Error Handling & Fault-Tolerant Systems
In backend engineering, errors are not exceptions; they are an inevitable part of the system's lifecycle. Building a fault-tolerant system requires moving beyond simply "fixing bugs" to adopting a proactive mindset where failure is anticipated and managed.
The Taxonomy of Errors
Understanding the source of an error is the first step in handling it correctly.
1. Logic Errors
Logic errors are the most dangerous because they don't crash the application but produce incorrect results (e.g., applying a discount twice). These often stem from misunderstood requirements or incorrect algorithm implementation.
- Prevention: Robust unit testing and clear requirement documentation.
2. Database Errors
The database is often the most critical point of failure.
- Connection Errors: Caused by network partitions, overloaded servers, or exhausted connection pools.
- Constraint Violations: Trying to insert duplicate emails (Unique Key) or referencing non-existent records (Foreign Key).
- Deadlocks: Circular dependencies between concurrent database operations.
3. External Service Errors
Modern systems rely on third-party APIs (Stripe, Twilio, OpenAI), each of which is a potential point of failure.
- Network Issues: Timeouts and DNS failures.
- Rate Limiting: Exceeding an API's quota (often returns HTTP 429).
- Service Outages: Inevitable downtime of external providers.
4. Configuration Errors
Often occurs when moving between Development, Staging, and Production. Missing environment variables can cause runtime failures.
- Best Practice: Validate all required configurations at the application's startup.
Proactive Error Detection
The best error handling starts before an error happens.
Health Checks
Expose a /health or /status endpoint for monitoring.
- Liveness: Is the process running?
- Readiness: Is the service ready to serve traffic? (e.g., is the database connected?)
Monitoring & Observability
- The Three Pillars: Logs, Metrics, and Traces.
- Performance Indicators: Degradation in response times often precedes a total system failure.
- Business Metrics: A sudden drop in successful checkouts can indicate a technical issue even if error logs look normal.
The "Final Safety Net": Global Error Handling
A Global Error Handler is a centralized middleware that catches all unhandled exceptions and converts them into structured, user-friendly responses.
Advantages:
- Robustness: Ensures no error results in an unhandled crash or a leaky 500 internal server error.
- Consistency: Returns a standardized JSON error format across the entire API.
- Redundancy: Prevents repeating the same
try/catchlogic in every controller.
Implementation Logic:
- Repository Layer: Throws low-level DB errors.
- Service Layer: Adds business context to the error.
- Global Middleware: Identifies the error type and chooses the HTTP status code (e.g., 404 for "No Rows," 400 for "Constraint Violation").

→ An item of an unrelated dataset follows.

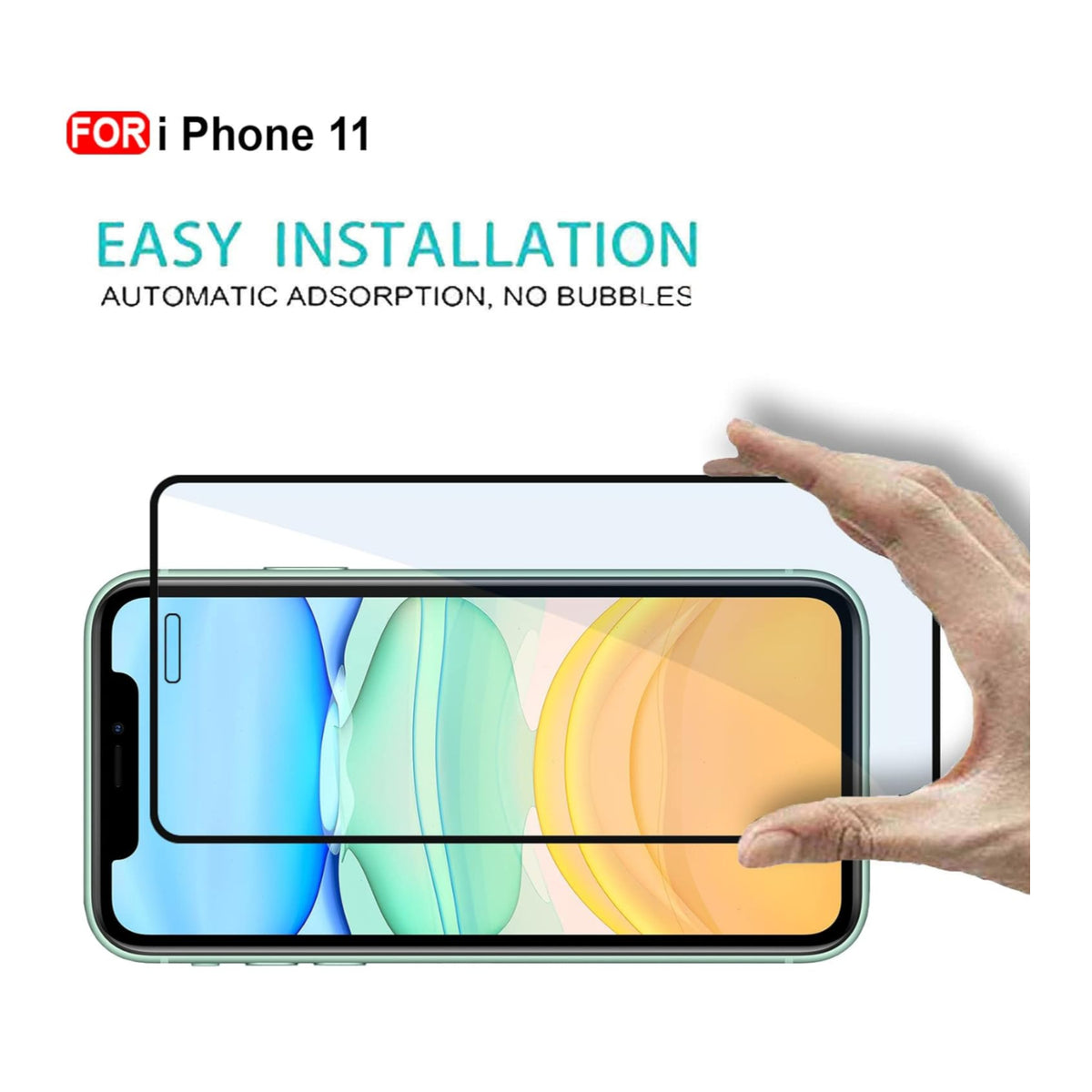 Ultra-Clear Tempered Glass Screen Protector for iPhone 11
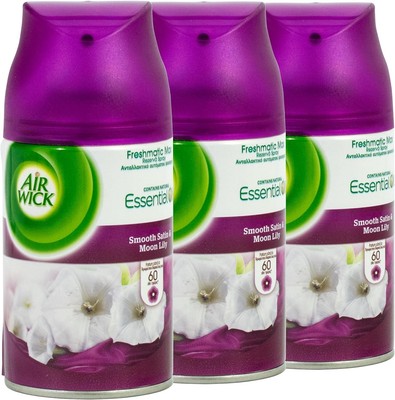 3x Air Wick Smooth Satin & Moon Lily Nachfüller für Freshmatic Max Refill - 250m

Security in Error Handling
[!CAUTION] Never leak internal details to the user. Probing error messages is a common tactic for attackers to learn about your system's architecture.
- Generic Messages: Instead of "Table 'users' does not have column 'email_address'", return "Something went wrong."
- Authentication: In response to a failed login, use "Invalid email or password" rather than "User not found" to prevent account enumeration attacks.
- Log Sanitization: Ensure sensitive data (passwords, API keys, credit card numbers) is never written to logs or external observability tools.
Summary
Fault tolerance is a mindset. By combining proactive monitoring, centralized error handling, and secure response practices, you can build backend systems that remain resilient even when the unexpected happens.